Give back an exact copy of the lines in the records below, from the line that has "Realistic car various" through the line that has "Oppo Find X", and nothing besides.

Short text fragments from websites
***

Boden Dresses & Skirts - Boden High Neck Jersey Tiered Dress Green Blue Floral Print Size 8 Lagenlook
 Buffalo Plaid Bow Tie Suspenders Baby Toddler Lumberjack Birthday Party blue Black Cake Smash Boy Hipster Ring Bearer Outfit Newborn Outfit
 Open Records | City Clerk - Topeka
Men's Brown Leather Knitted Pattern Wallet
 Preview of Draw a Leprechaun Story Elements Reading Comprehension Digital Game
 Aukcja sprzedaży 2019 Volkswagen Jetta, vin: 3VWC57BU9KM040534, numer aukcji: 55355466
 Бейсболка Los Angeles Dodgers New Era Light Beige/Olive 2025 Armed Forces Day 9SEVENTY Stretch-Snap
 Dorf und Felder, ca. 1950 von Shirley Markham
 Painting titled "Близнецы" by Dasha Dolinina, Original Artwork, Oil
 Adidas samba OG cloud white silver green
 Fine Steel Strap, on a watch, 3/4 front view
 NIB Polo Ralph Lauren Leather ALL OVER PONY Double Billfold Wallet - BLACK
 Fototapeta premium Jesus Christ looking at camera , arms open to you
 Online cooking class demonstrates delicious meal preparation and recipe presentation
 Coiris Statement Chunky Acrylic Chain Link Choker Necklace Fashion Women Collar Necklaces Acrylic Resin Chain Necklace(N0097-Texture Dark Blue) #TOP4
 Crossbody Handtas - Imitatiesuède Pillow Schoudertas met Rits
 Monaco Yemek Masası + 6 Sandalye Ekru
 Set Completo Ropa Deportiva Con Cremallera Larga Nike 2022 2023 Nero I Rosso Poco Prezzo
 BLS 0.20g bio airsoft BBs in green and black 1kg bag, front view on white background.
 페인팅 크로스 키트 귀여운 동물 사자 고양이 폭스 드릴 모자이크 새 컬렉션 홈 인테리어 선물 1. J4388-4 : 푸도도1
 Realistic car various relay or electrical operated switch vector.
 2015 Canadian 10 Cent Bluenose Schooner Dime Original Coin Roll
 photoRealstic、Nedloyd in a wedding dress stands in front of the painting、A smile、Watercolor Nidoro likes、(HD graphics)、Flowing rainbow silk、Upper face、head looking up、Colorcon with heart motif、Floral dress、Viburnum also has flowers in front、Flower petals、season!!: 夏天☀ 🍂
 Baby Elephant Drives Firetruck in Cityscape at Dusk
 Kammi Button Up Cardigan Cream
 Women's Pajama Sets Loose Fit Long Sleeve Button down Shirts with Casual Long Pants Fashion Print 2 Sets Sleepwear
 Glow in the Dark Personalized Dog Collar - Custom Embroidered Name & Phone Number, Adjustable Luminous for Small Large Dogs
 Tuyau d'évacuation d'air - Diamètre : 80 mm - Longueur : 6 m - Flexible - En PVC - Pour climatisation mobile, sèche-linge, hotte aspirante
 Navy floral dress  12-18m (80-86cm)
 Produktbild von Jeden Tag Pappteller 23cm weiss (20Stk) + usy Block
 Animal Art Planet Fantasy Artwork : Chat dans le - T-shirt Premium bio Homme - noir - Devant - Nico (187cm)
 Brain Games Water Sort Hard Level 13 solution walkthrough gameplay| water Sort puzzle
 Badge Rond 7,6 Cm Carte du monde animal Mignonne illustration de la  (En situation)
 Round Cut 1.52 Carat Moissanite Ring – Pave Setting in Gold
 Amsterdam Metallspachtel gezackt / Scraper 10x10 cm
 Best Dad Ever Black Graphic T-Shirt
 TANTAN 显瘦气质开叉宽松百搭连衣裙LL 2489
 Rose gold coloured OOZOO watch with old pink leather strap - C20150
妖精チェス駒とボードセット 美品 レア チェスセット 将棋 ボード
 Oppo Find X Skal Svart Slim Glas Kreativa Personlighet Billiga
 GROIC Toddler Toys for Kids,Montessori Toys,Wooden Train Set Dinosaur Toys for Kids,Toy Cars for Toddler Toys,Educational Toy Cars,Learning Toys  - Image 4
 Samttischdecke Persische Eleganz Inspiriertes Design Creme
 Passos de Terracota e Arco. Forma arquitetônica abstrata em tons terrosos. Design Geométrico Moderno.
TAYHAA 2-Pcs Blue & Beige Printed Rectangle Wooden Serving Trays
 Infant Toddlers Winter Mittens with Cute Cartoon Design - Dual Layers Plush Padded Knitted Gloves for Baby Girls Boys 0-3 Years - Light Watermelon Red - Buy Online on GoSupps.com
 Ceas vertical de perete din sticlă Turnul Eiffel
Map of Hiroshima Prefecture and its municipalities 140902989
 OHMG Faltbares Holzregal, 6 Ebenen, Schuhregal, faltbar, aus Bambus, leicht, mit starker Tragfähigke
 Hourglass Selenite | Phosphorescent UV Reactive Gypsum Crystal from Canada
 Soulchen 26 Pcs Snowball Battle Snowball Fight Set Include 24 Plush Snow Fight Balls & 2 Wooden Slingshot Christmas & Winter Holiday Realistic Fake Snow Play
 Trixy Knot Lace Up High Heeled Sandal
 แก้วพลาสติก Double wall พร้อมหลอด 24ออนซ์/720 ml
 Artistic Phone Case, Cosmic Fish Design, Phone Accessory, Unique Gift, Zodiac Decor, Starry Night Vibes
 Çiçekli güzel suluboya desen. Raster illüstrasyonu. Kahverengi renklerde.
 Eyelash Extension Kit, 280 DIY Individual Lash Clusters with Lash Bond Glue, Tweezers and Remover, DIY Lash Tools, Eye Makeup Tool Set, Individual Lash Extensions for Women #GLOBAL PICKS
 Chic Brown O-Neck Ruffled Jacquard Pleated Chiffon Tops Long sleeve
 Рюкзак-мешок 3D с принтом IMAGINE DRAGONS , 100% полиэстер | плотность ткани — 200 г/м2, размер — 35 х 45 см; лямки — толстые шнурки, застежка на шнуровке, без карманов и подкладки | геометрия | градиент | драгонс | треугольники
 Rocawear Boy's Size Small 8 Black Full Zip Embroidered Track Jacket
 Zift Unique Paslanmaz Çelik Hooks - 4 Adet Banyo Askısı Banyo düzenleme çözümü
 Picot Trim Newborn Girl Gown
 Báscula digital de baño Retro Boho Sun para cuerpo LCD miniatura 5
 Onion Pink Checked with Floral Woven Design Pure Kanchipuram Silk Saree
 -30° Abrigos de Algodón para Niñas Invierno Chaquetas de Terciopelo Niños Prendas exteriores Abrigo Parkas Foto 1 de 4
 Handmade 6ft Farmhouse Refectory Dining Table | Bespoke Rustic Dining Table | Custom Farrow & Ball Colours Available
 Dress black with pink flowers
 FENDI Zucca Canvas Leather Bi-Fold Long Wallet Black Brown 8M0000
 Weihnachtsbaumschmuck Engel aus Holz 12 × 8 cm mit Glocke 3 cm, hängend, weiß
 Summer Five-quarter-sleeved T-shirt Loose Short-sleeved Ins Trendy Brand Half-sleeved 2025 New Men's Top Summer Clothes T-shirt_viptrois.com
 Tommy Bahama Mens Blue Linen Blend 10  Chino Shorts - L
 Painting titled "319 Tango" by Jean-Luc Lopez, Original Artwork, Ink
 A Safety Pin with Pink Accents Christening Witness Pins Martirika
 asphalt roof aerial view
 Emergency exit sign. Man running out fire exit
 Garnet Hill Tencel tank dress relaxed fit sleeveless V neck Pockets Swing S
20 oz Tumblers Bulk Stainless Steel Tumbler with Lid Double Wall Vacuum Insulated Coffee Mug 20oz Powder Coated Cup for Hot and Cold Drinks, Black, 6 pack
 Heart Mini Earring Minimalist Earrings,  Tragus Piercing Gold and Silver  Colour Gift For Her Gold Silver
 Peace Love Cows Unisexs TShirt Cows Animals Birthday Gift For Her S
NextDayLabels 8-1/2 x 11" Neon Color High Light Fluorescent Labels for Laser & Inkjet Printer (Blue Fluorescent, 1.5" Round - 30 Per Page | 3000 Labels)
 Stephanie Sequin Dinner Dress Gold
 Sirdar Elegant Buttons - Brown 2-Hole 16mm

***

→ Result:
 Realistic car various relay or electrical operated switch vector.
 2015 Canadian 10 Cent Bluenose Schooner Dime Original Coin Roll
 photoRealstic、Nedloyd in a wedding dress stands in front of the painting、A smile、Watercolor Nidoro likes、(HD graphics)、Flowing rainbow silk、Upper face、head looking up、Colorcon with heart motif、Floral dress、Viburnum also has flowers in front、Flower petals、season!!: 夏天☀ 🍂
 Baby Elephant Drives Firetruck in Cityscape at Dusk
 Kammi Button Up Cardigan Cream
 Women's Pajama Sets Loose Fit Long Sleeve Button down Shirts with Casual Long Pants Fashion Print 2 Sets Sleepwear
 Glow in the Dark Personalized Dog Collar - Custom Embroidered Name & Phone Number, Adjustable Luminous for Small Large Dogs
 Tuyau d'évacuation d'air - Diamètre : 80 mm - Longueur : 6 m - Flexible - En PVC - Pour climatisation mobile, sèche-linge, hotte aspirante
 Navy floral dress  12-18m (80-86cm)
 Produktbild von Jeden Tag Pappteller 23cm weiss (20Stk) + usy Block
 Animal Art Planet Fantasy Artwork : Chat dans le - T-shirt Premium bio Homme - noir - Devant - Nico (187cm)
 Brain Games Water Sort Hard Level 13 solution walkthrough gameplay| water Sort puzzle
 Badge Rond 7,6 Cm Carte du monde animal Mignonne illustration de la  (En situation)
 Round Cut 1.52 Carat Moissanite Ring – Pave Setting in Gold
 Amsterdam Metallspachtel gezackt / Scraper 10x10 cm
 Best Dad Ever Black Graphic T-Shirt
 TANTAN 显瘦气质开叉宽松百搭连衣裙LL 2489
 Rose gold coloured OOZOO watch with old pink leather strap - C20150
妖精チェス駒とボードセット 美品 レア チェスセット 将棋 ボード
 Oppo Find X Skal Svart Slim Glas Kreativa Personlighet Billiga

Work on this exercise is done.